## About this task
Each record must be written out again exactly. Skip any picture it contains.

## Supplied material
━━━━━━━━

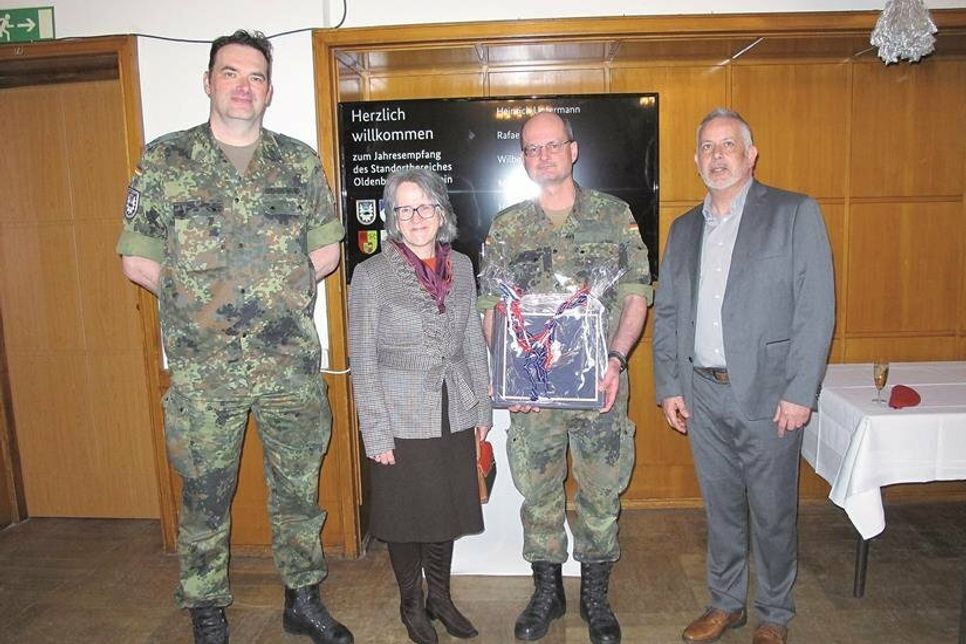 Oberstleutnant Ralf Stachowiak mit Bürgervorsteherin Susanne Knees, Oberstleutnant Markus Ruhland und Bürgermeister Jörg Saba beim Jahresempfang.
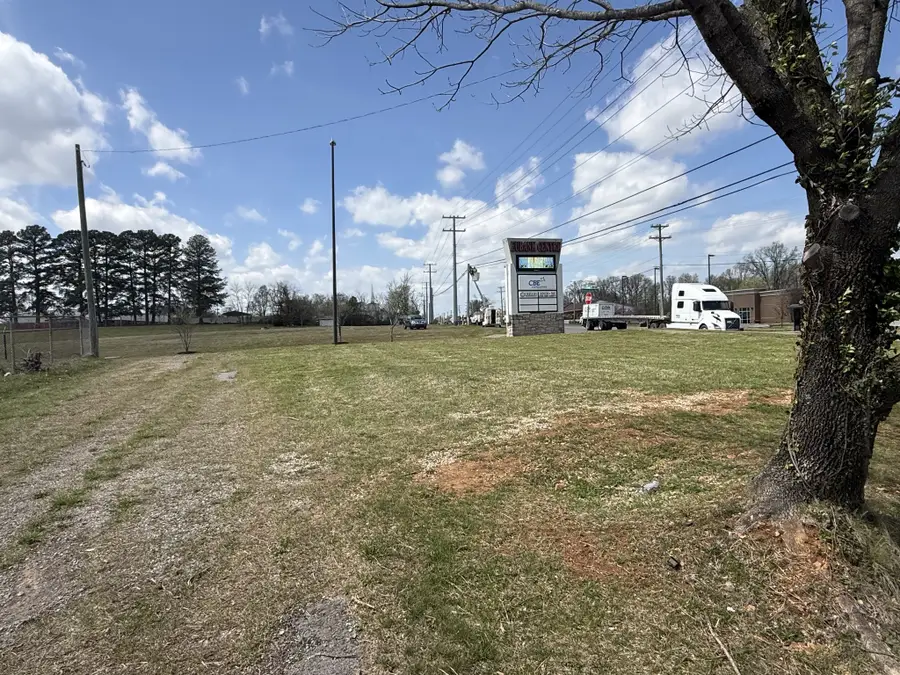 350 Dover Rd, Clarksville, TN 37042 - #2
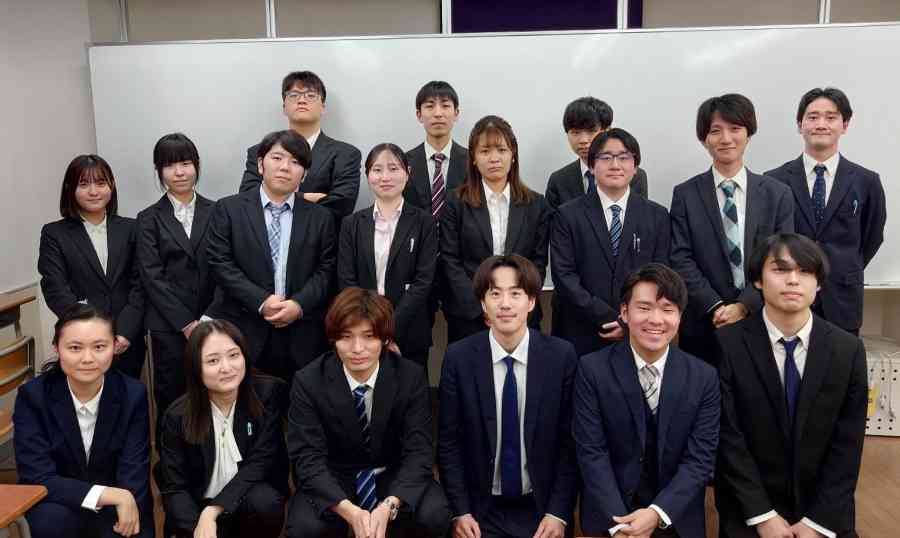 スタッフの画像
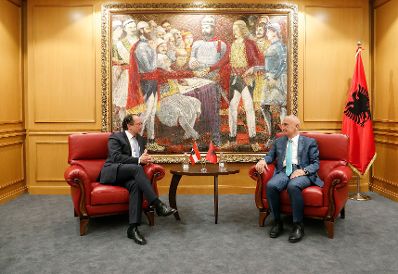 Am 8. Oktober 2019 reiste Bundesminister Alexander Schallenberg (l.) nach Albanien.Im Bild mit dem albanischen Pr&auml;sidenten Ilir Meta (r.).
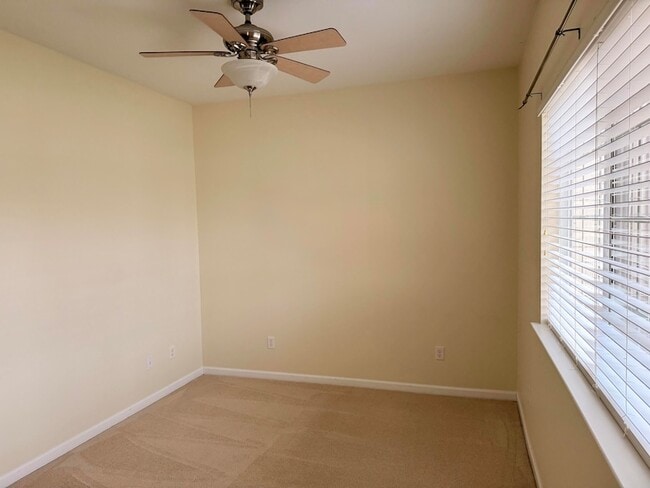 Building Photo - 5644 Mountain Oaks Ln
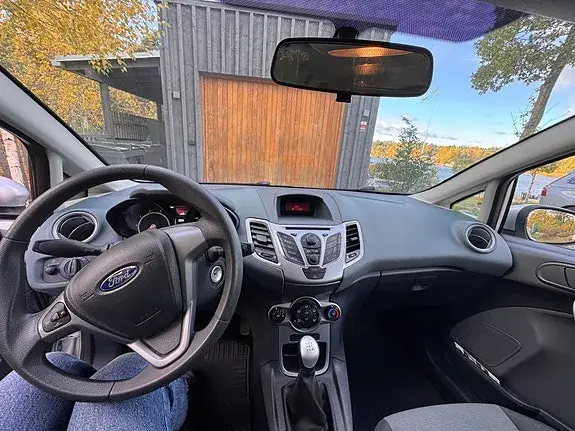 Ford Fiesta 2010 photo 5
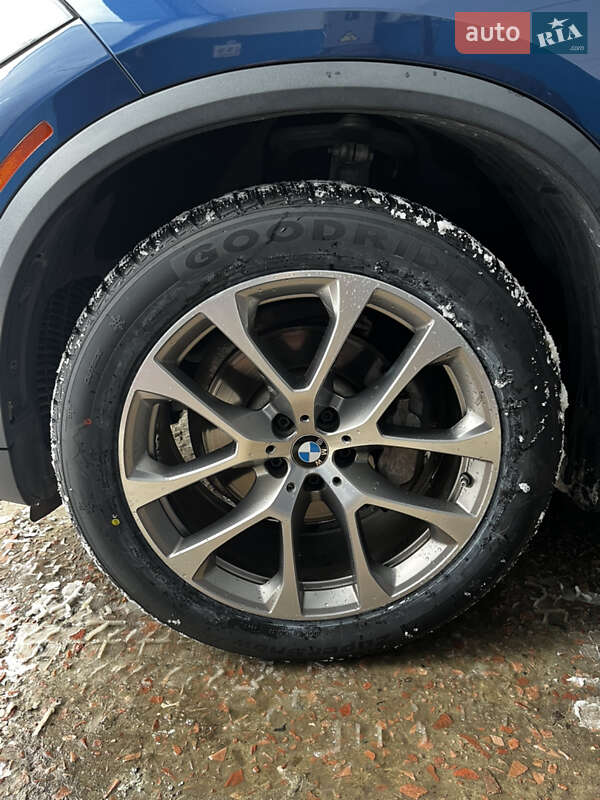 Внедорожник / Кроссовер BMW X5 2019 в Львове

━━━━━━━━

## Answer section
 Oberstleutnant Ralf Stachowiak mit Bürgervorsteherin Susanne Knees, Oberstleutnant Markus Ruhland und Bürgermeister Jörg Saba beim Jahresempfang.
 350 Dover Rd, Clarksville, TN 37042 - #2
 スタッフの画像
 Am 8. Oktober 2019 reiste Bundesminister Alexander Schallenberg (l.) nach Albanien.Im Bild mit dem albanischen Pr&auml;sidenten Ilir Meta (r.).
 Building Photo - 5644 Mountain Oaks Ln
 Ford Fiesta 2010 photo 5
 Внедорожник / Кроссовер BMW X5 2019 в Львове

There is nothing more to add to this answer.